The United Nations food relief agency today raised concerns about its ability to reach people in Gaza if conditions worsen, while the UN health agency said medicines were already in short supply.
“Access to Gaza is a significant challenge under normal circumstances,” the UN World Food Programme (WFP) said in a news release on its activities in Gaza, where the population of 1.6 million – half of them children – continues to face an Israeli blockade imposed in 2007.
“WFP is concerned about access to people in the territory if conflict escalates and humanitarian needs increase,” it added.
The latest wave of violence between Israel and Gaza began on 14 November and has included rocket attacks against Israel from Gaza, and Israeli airstrikes on Gaza.
As part of its regular monthly programme to help feed 285,000 vulnerable people throughout the Gaza Strip, WFP said it began on Tuesday to deliver food to 30,000 people at six sites in Gaza. It is also supplying wheat flour to bakeries so that free bread can be given to people who have seen their homes destroyed.
“On Tuesday, four trucks with WFP food stocks attempted to enter via the Karem Shalom crossing, but had to turn back due to rocket fire,” WFP said of a crossing on the Gaza Strip-Israel-Egypt border.
“The trucks were carrying 120 metric tons of food, enough to feed 5,600 people for a month,” the agency added, saying it was “critical to ensure this access point is open for humanitarian food and other supplies in the coming days.”
On the question of food distribution, WFP said it has sufficient supplies pre-positioned inside and outside Gaza to cover the needs of its usual caseload of 285,000 people for more than three months, according to its news release.

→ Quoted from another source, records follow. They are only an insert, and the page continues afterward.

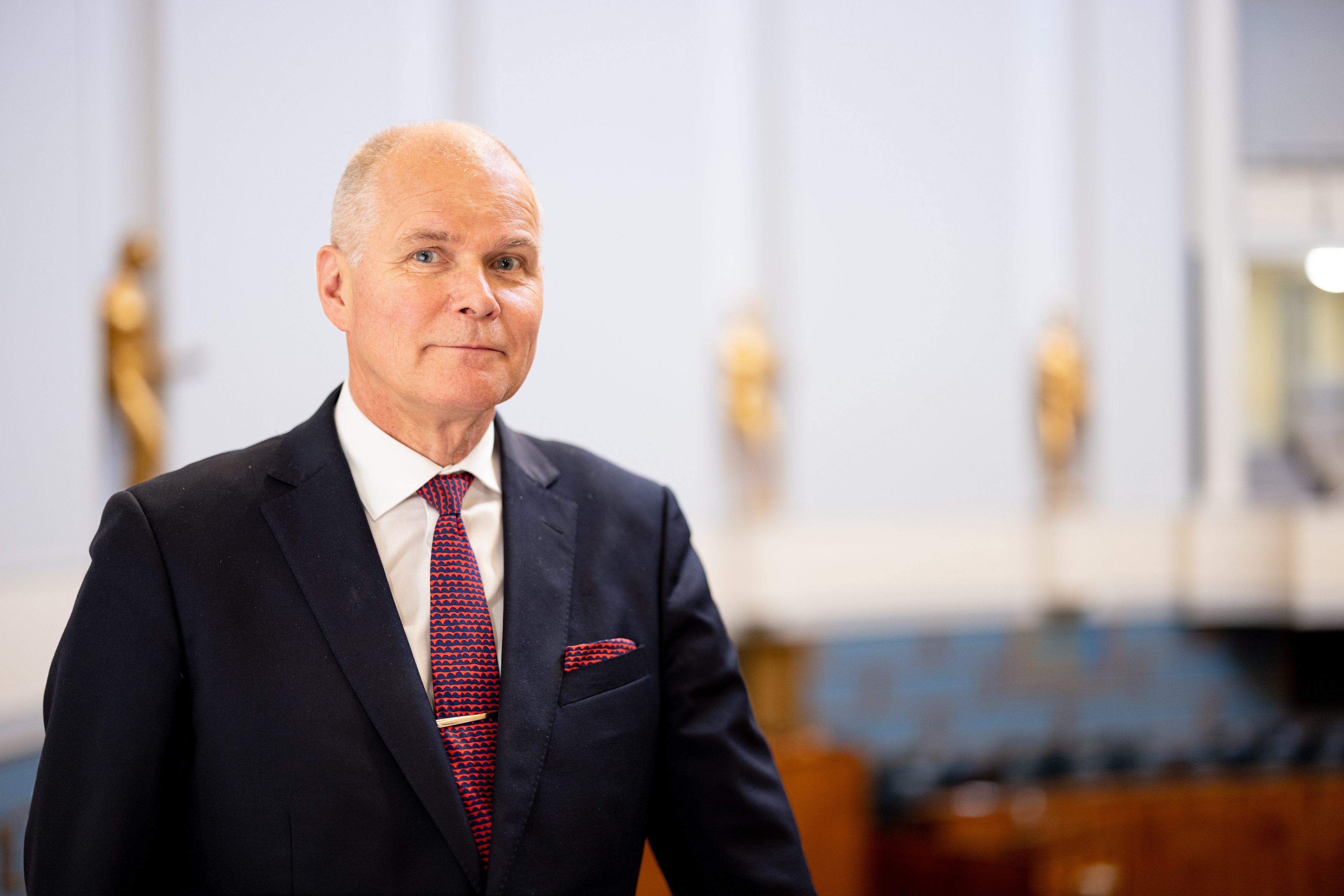 Lindberg tiedustelee oppositioilta kantaa ilmatorjunnan huoltovarmuuteen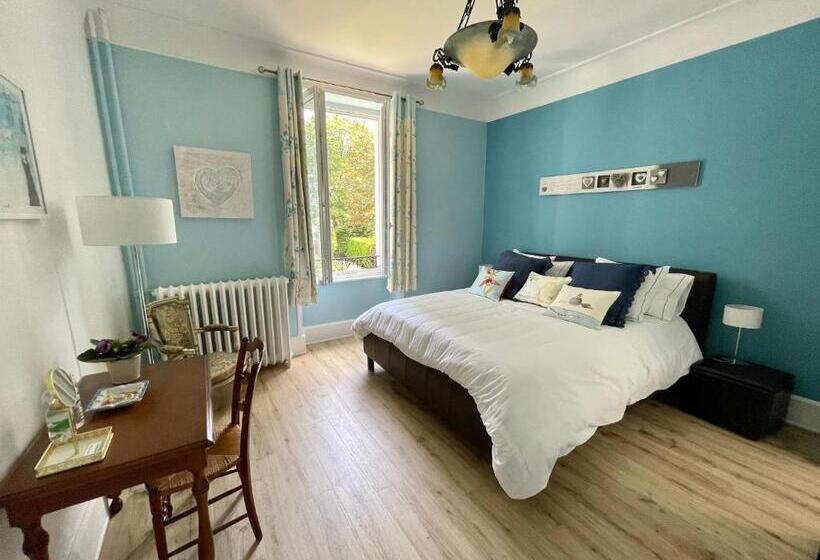 مبيت وإفطار La Maison Bleue « la Charade »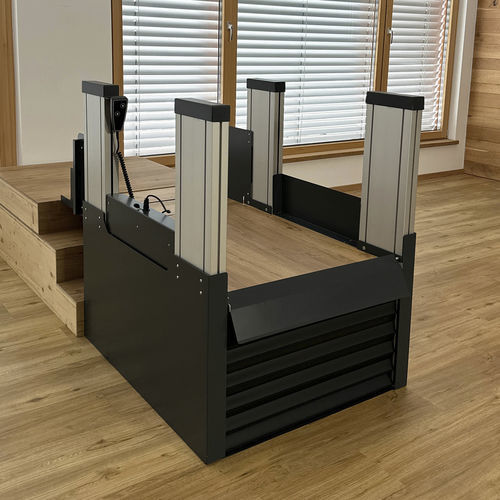 Hebeplattform für Personen mit eingeschränkter Mobilität - StepSaver - Lehner Lifttechnik - für Gebäude / zur beruflichen Nutzung / für Außenbereich
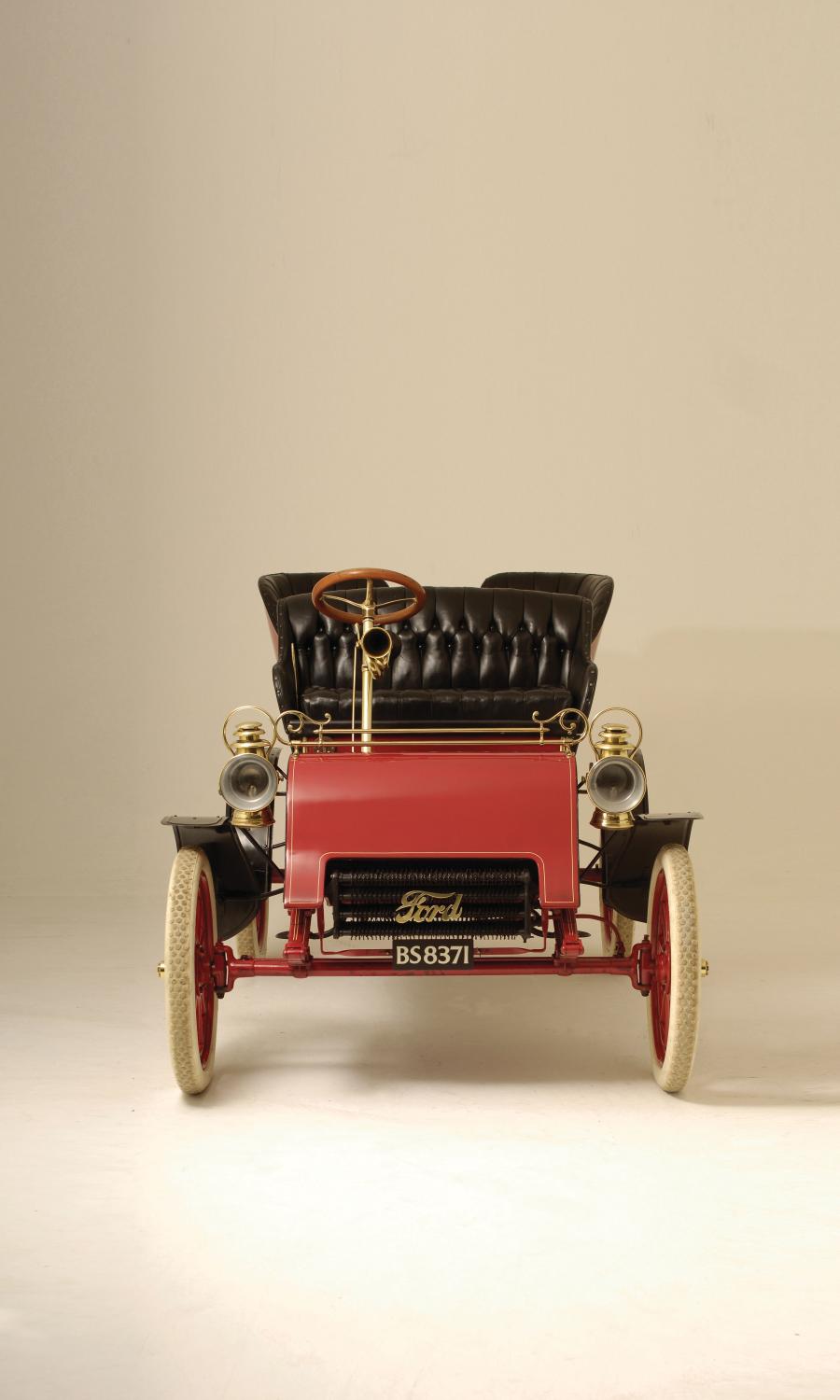  Ford Model A Rear Entry Tonneau 1903 года  (фото 22 из 39)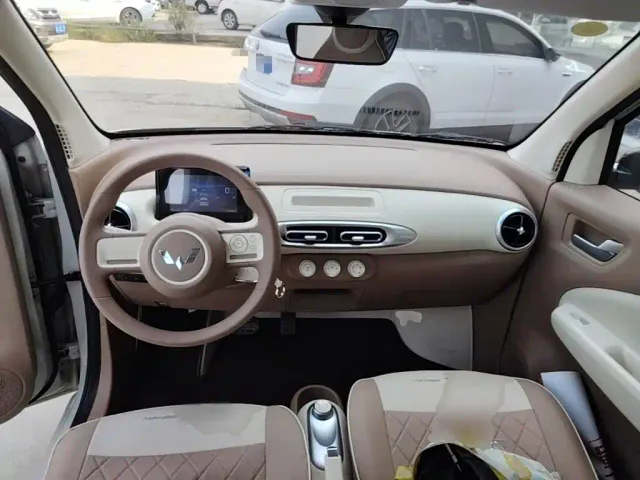 Wuling Hongguang Mini EV — Фото автомобиля 9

In addition, free bread baked with WFP-supplied wheat, as well as canned goods, will be given as emergency food assistance to some 350 families throughout Gaza – comprising around 2,100 people – in the coming days, for an “initial period” of 10 days, WFP said. Under its regular operations, WFP uses food vouchers, school meals and food rations to poor and food-insecure households who are affected by the on-going blockade, the agency said.
From its Geneva headquarters, the UN World Health Organization (WHO) today issued an appeal for $10 million to help restock medical supplies in Gaza, with the agency noting that the latest wave of violence had killed 132 people there, including 30 children and 11 women. Of 1,090 people injured, there are 381 children, 186 women and 83 seniors.
“The problem with the hospitals is not staff, (but) the shortage of supplies and drugs,” Dr. Mahmoud Daher, of the WHO office in Gaza, said in an interview with UN Radio.
He added, “More than 50 per cent of the essential drugs list is below one month consumption rate and, in such conditions, coping with (an) increasing number of casualties will be problematic, as has been seen in the past couple of days.”
At least one major health facility has been directly hit by a mortar shell, according to WHO, which also cited reports of damage to other treatment centres, as well as to ambulances.
“The Jordanian field hospital sustained damage in the medical wards as a missile penetrated the two roofs of the hospital,” said Dr. Daher. He also noted that more than 50 per cent of the violence-affected children were below the age of five.
Other UN agencies speaking out on Wednesday included the Paris-based UN Educational, Scientific and Cultural Organization (UNESCO). Its chief condemned the killing of three Palestinian journalists in air strikes on 20 November, and voiced alarm over reports the violence had resulted in schools being hit both in Gaza and southern Israel.
“I am deeply concerned about the reported targeting of media facilities and personnel that have left three Palestinian journalists dead: Mahmoud Al-Komi, Hossam Salameh Mohammed and Abu Eisha,” said UNESCO’s Director-General, Irina Bokova, according to a news release from the agency, which is mandated to defend press freedom and promote education,
“The civilian status of journalists and their right to carry out their professional duties should be respected,” she added.
Ms. Bokova said she was “equally alarmed” by the strikes on schools, saying they should “offer a safe environment for children,” and that “attacks against them (were) a denial of the right to education and should be firmly condemned.”
The UNESCO chief said she added her voice to that of Secretary-General Ban Ki-moon, who said on Tuesday, following a meeting with Israeli Prime Minister Benjamin Netanyahu in Jerusalem, that his “paramount immediate concern” was for the safety and well-being of all civilians.
Mr. Ban, who was in Ramallah in the West Bank today to meet with the President of the Palestinian National Authority, Mahmoud Abbas, has been at the head of a cavalcade of UN officials appealing for an end to the current violence, and strongly urging the parties to achieve an immediate ceasefire.